Notion of honor as a UP student

Honor can be such a non-word sometimes. It loses its meaning, its potency.

Surprisingly, I found myself wondering what honor really means. I even looked its meaning in the dictionary – high respect, distinction, recognition, glory, credit, privilege. Yes, there are many meanings attached to this word. However, what struck me the most is that honor also means “to fulfill an obligation or keep an agreement.”

Knowing that I am among those privileged to enter the premier state university, I have committed myself to the university’s long tradition of honor and excellence – the guiding principles and values I have to embody. For this reason, I am accountable to the people, who with their blood and sweat, fund my education in the university. I have to deliver what is asked from me, being academically excellent and exemplifying honor. No ifs or buts.

As a Metrobank Foundation scholar as well, I have to maintain a certain general weighted average. Of course, this entails being academically responsible and active – completing requirements on time, studying hard for exams, and having a motivation to achieve legitimate goals. Another requirement that I have to fulfill for my scholarship is that every semester, I have to be a volunteer of the Metrobank Purple Hearts Club to join efforts with the teachers of Cuatro Christian School in Rizal to educate five and six year old kids (and some older) in the community who have not been to school. Using a value-based story program, we are helping to set children on a different road, a different future, gained through learning to read and write. This is really rewarding and fulfilling for me as I help the impoverished children of Cuatro break the cycle of poverty through education. I really want to and have to demonstrate to Metrobank Foundation that UP has shown me it is not enough that I achieve academic excellence but also exemplify honor so that I may more effectively contribute to society.

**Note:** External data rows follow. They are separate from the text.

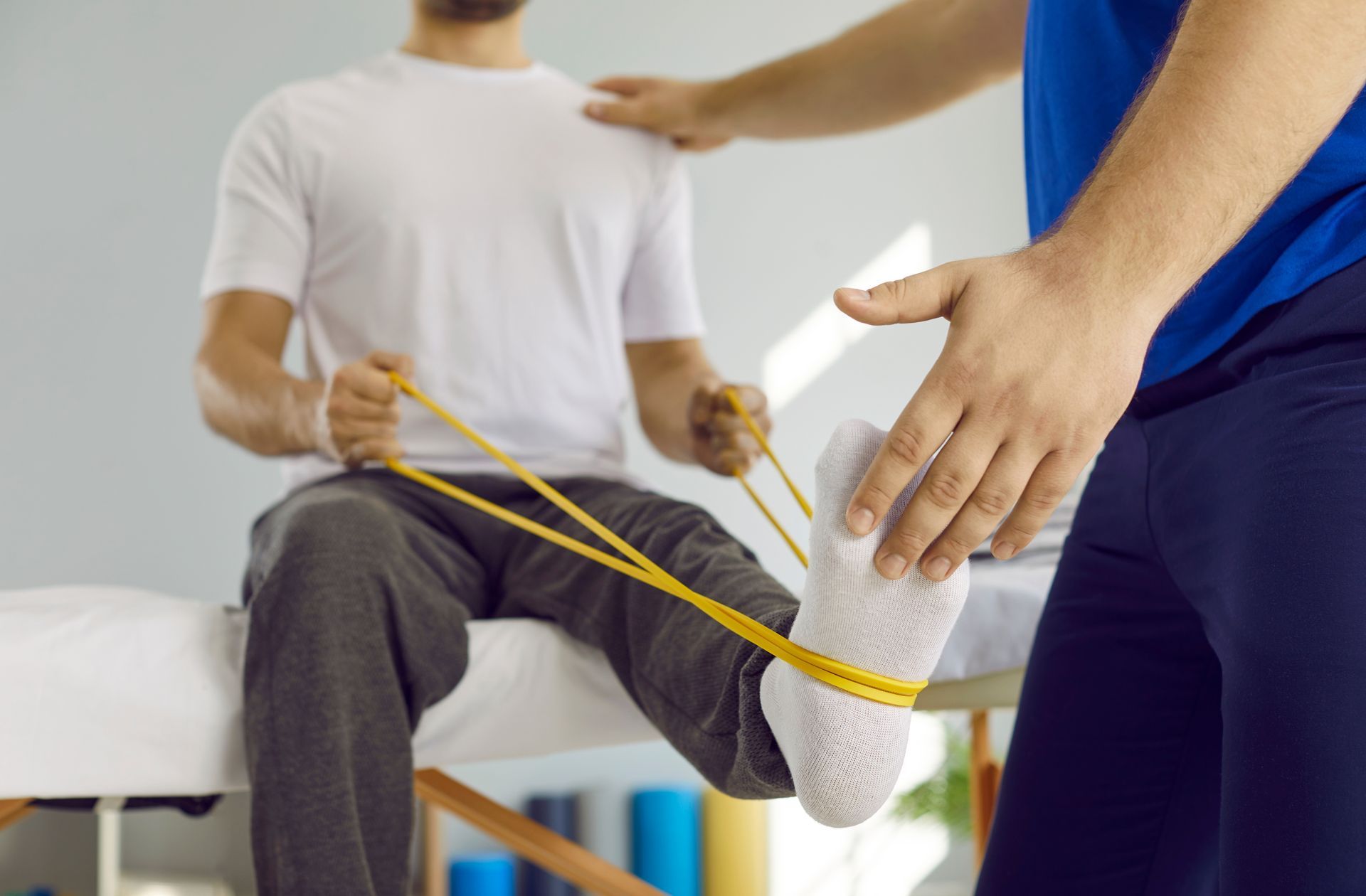 Man doing physical therapy with assistance, using a resistance band in a clinic.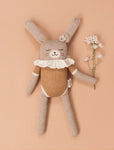 a large cuddly toy made of alpaca bunny ochre bodysuit
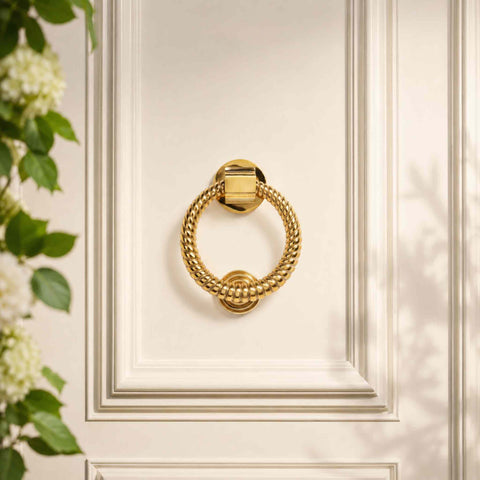 Polished brass reeded ring door knocker fitted to a traditional dark front door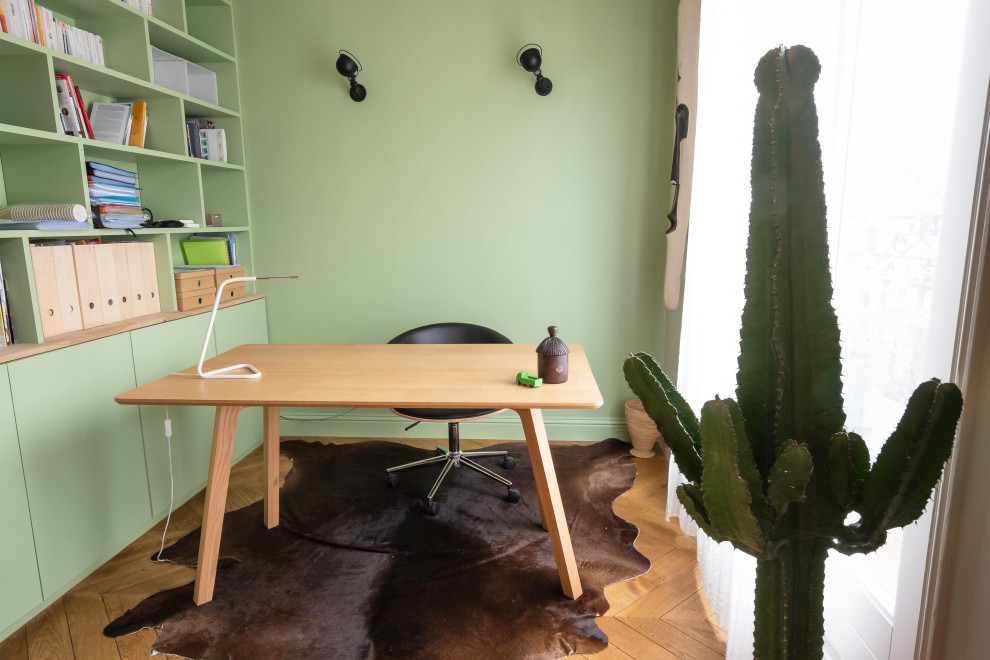 Стильный дизайн: рабочее место среднего размера в современном стиле с зелеными стенами, светлым паркетным полом, отдельно стоящим рабочим столом и бежевым полом - последний тренд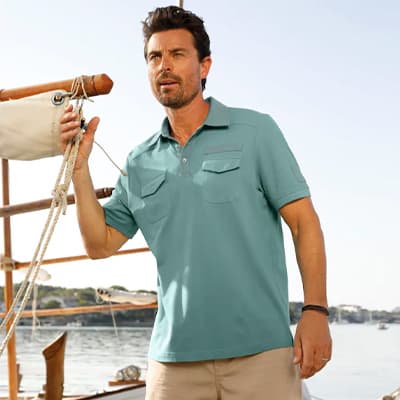 Mann im türkisfarbenen Poloshirt mit Brusttaschen steht auf einem Boot und hält ein Seil, Wasser und Küste im Hintergrund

Because of lots of academic stuff I have to do, I sacrifice my sleeping hours to finish studying for my exams, my papers, bucket of readings. I have to balance my activities in volunteering, my commitment in my church, and my personal struggles. Well, all people have to. But sometimes there are just so many things to analyze, to think about. Sometimes things are just so mixed up in a confusing way that I wish I would just fall asleep because of stress. However, there is a time for everything, and I have to set my priorities right to be more organized. Being in UP, I adapted and learned to exert all the best in what’s within me – to every work at hand despite the stress and pressure.

Sadly, I received a failing grade in one subject this second semester. I admit it was negligence on my part that I had fallen short to do one of the course requirements.  I even used some excuses that are not supposed to be used to justify my failure. Truth be told, lots of realizations came to me. Then I told myself that I refuse to be trapped in this mistake. I am not going to let this get the best of me. I will certainly strive all the more, so that I won’t screw up again. I take the responsibility for my mistakes and failures. I want to and will perform to the best of my ability in the coming semesters.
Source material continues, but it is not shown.